Thursday, October 21, 2010

Update from the farm & this week's box

(more of these little gals coming soon!)

This past week was a very busy one around the farm! The pigs went to market, Jeff took a field trip to nearby trout farm, mushroom farm & lamb processing facility, and our crew had their last day with us today. Like spring, fall time is a season of slowing down, business planning, education and planting garlic for the 2011 season.

The next few weeks, Jeff will lead manager and worker on our fall CSA. He'll also be actively preparing the animals' shelter for winter and getting new chicks to increase our chicken population. Join us on Facebook to continue to watch the structures come to life and the farm continue through the winter.

In the meantime, we'll have eggs available throughout the winter in the long, white barn at the farm (please let us know if you need more information) as well as for sale at this week's CSA pick ups. (in Grayslake, please ask at the farm stand if you're interested)

Finally in this week's box, you'll find a variety of sweet greens (our greens love all of these frosts we've received) and items that we started as transplants early this season (e.g., celeriac). Enjoy your share this week!

Best, J&J


Spinach

Broccoli

Stir Fry Mix - A popular addition to a stir fry (add as one of the last additions), this mix includes items such as Hon Tsai Tai, Komatsuna, Red Russian kale, Southern Giant and Red Giant mustards, and Tatsoi for great flavor and color.

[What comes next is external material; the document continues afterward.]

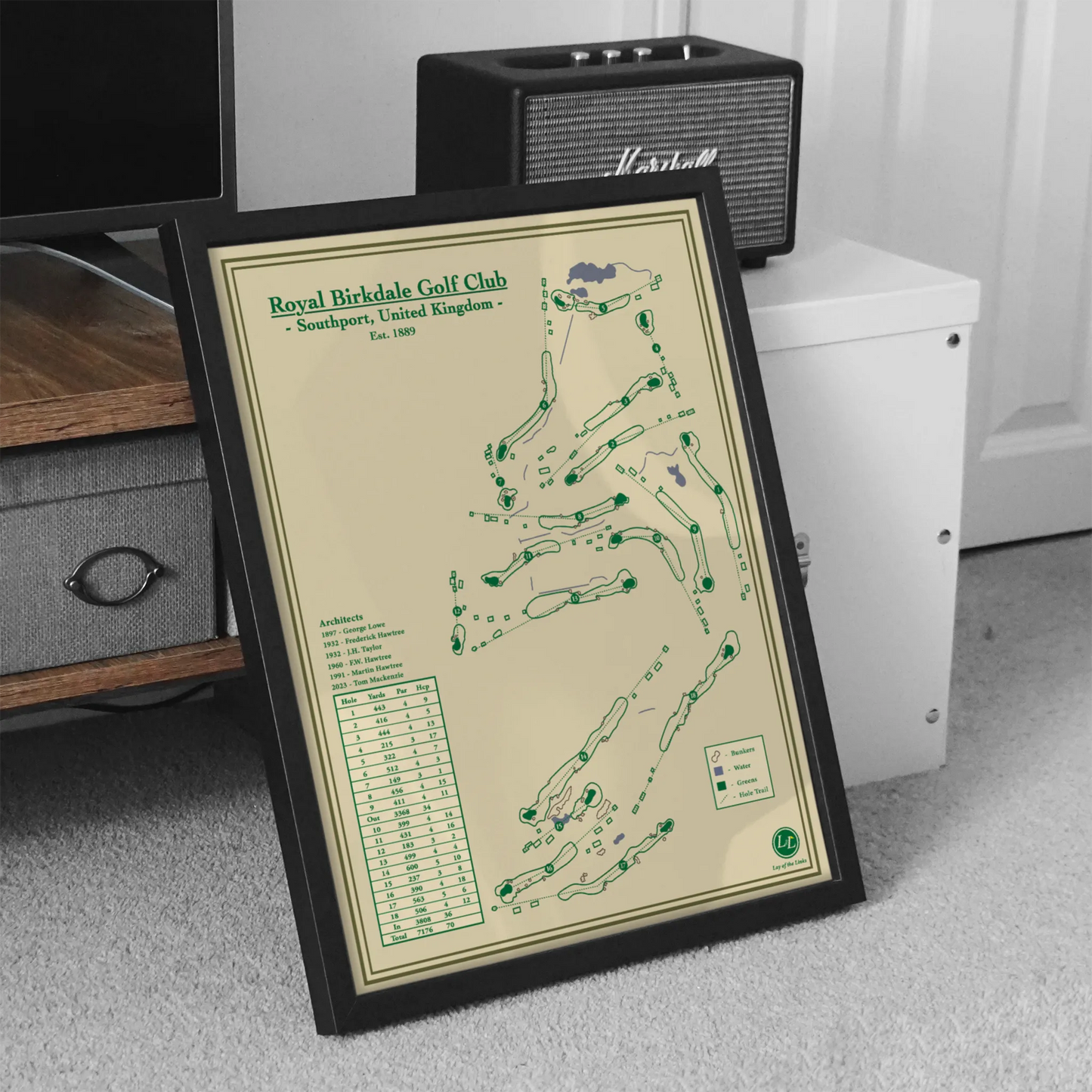Golf Course Print - Royal Birkdale Golf Club - United Kingdom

Haruki Turnips (sweet salad turnips)- A favorite at our markets this year, try these raw, chopped in a salad or lightly sautéed in butter.

Red & Green Bibb Lettuce

Mixed Beet Bunch - In this mixed beet bunch, you'll likely find a mixture of red, bull's blood (deep red) and chioggia (pink) beets.. Don't throw away their tops/greens! They are delicious (bull's blood beets are known for their delicious tops). Here's a recipe for preparing them -- then, we always throw the beets on top for a great beet side dish.

Beet Greens

While this recipe calls for discarding the stems, if you want you can use them too if they aren't too woody. Just cut them into 1-inch segments and add them to the onions after the onions have been cooking for a minute.

INGREDIENTS

  • 1 pound beet greens
  • 1 strip of thick cut bacon, chopped (or a tablespoon of bacon fat)
  • 1/4 cup chopped onion
  • 1 large garlic clove, minced
  • 3/4 cup of water
  • 1 Tbsp granulated sugar
  • 1/4 teaspoon crushed red pepper flakes
  • 1/6 cup of cider vinegar

METHOD

1 Wash the greens in a sink filled with cold water. Drain greens and wash a second time. Drain greens and cut away any heavy stems. Cut leaves into bite-sized pieces. Set aside.

2 In a large skillet or 3-qt saucepan, cook bacon until lightly browned on medium heat (or heat 1 Tbsp of bacon fat). Add onions, cook over medium heat 5 to 7 minutes, stirring occassionally, until onions soften and start to brown. Stir in garlic. Add water to the hot pan, stirring to loosen any particles from bottom of pan. Stir in sugar and red pepper. Bring mixture to a boil.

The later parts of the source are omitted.